Many people will fail to mention Lombard’s name as they rattle off a list of some of the most important figures in the Civil Rights Movement.

Google searches won’t lead you to a Wikipedia page dedicated to the former New Orleans mayoral candidate and many people never heard Lombard’s name prior to him passing away.

What many people do know of, however, are the McCrory’s Civil Rights sit-ins and the Friendship Nine, the group of nine protesters at the sit-in who became the first Civil Rights sit-in protesters in the country to serve jail time for their demonstration.

He led and organized the McCrory’s sit-in, which was New Orleans’ first anti-segregation lunch counter sit-in, but he never cared much about letting people know he was the voice behind the spark of a powerful movement.

“Only rare have I met someone who lives by the old wisdom that there’s no limit to what can be accomplished if you don’t care who gets the credit,” political journalist Clancy DuBos wrote of Lombard. “Rudy Lombard was one of those rare individuals who never sought credit for the many great things he did. Rudy was one of the early leaders of the modern civil rights movement in New Orleans. He was a national vice president of the Congress of Racial Equality (CORE).”

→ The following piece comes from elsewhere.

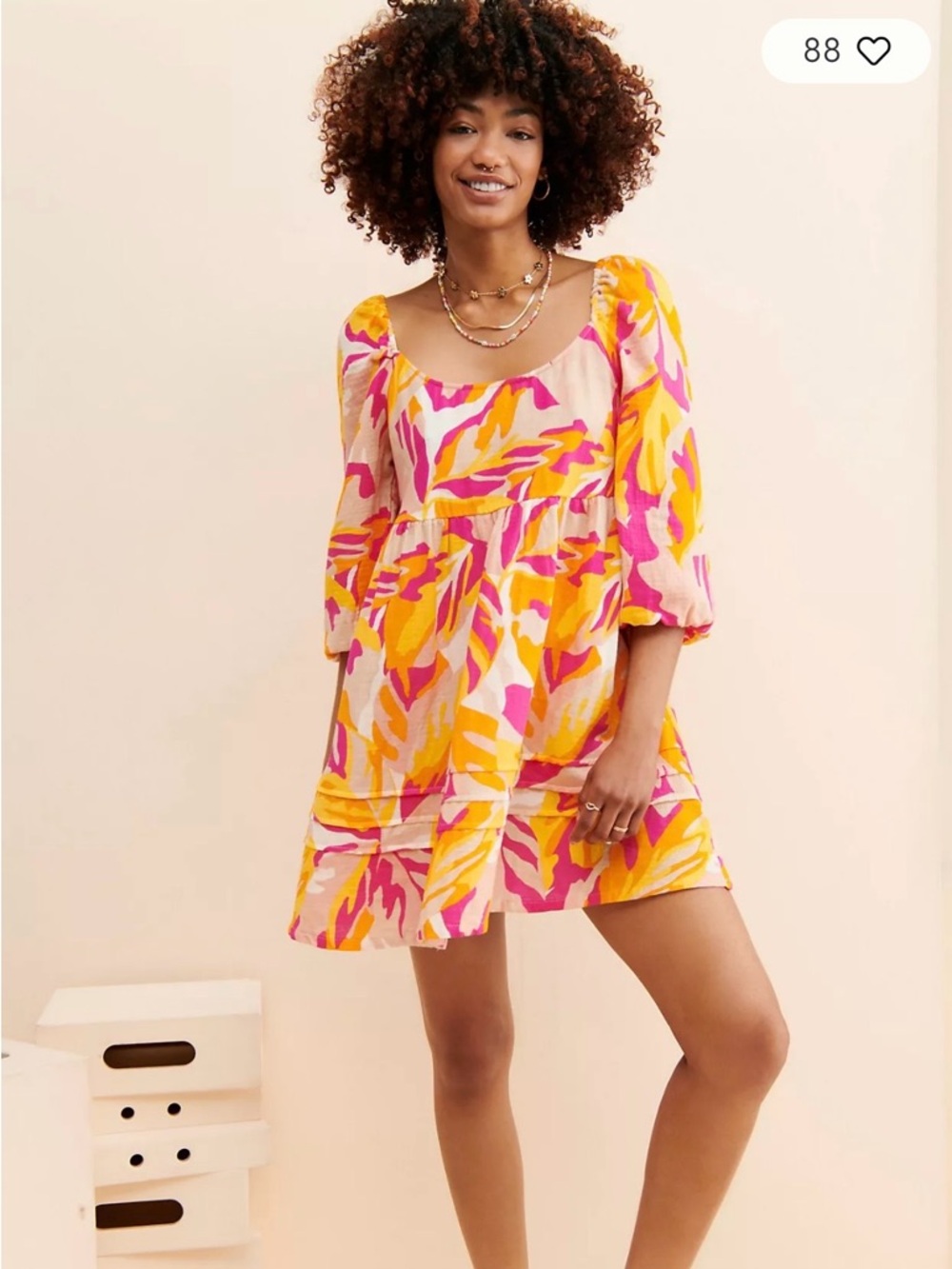 Anthropologie Pink, Yellow & Cream Abstract Maxi Dress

Even during his run for mayor, Lombard was making a major difference in his community despite the fact that he finished the race in a distant fourth place.

During the race, it was Lombard who put the pressure on candidates to make public housing a major political issue and bring it to the forefront of the public’s agenda.

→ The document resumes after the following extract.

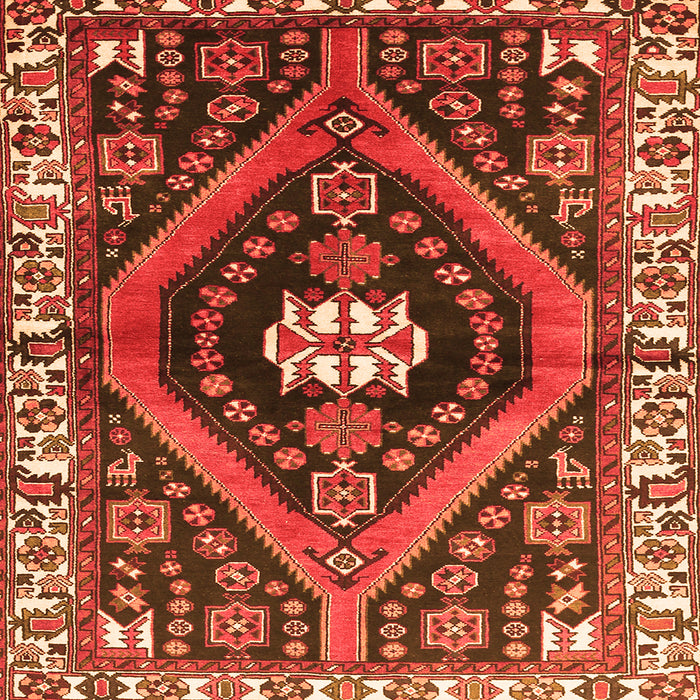 Round Machine Washable Persian Orange Traditional Area Rugs, wshtr2855org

Lombard was a man who earned the right to brag and boast but he never put himself before the greater cause.

According to Lombard’s brother, Judge Edwin Lombard, that’s what made him so amazing.

“The most amazing thing about Rudy was that he was so reluctant to talk about himself and his contribution to the (civil rights) movement,” Judge Lombard said, according to New Orleans publication Gambit. “I used to be angry about the fact that Rudy paid his dues and never got any note for it. He would just shrug it off and say, ‘Don’t worry about it. There’s plenty to go around—plus you know it. That’s enough.’ It bothered me, but it never bothered him.”

New Orleans businessman Don Hubbard mirrored these sentiments.

Hubbard worked with Lombard to help drive some of the Freedom Riders to Mississippi in the 1960s and said Lombard was always a man who turned passion into action.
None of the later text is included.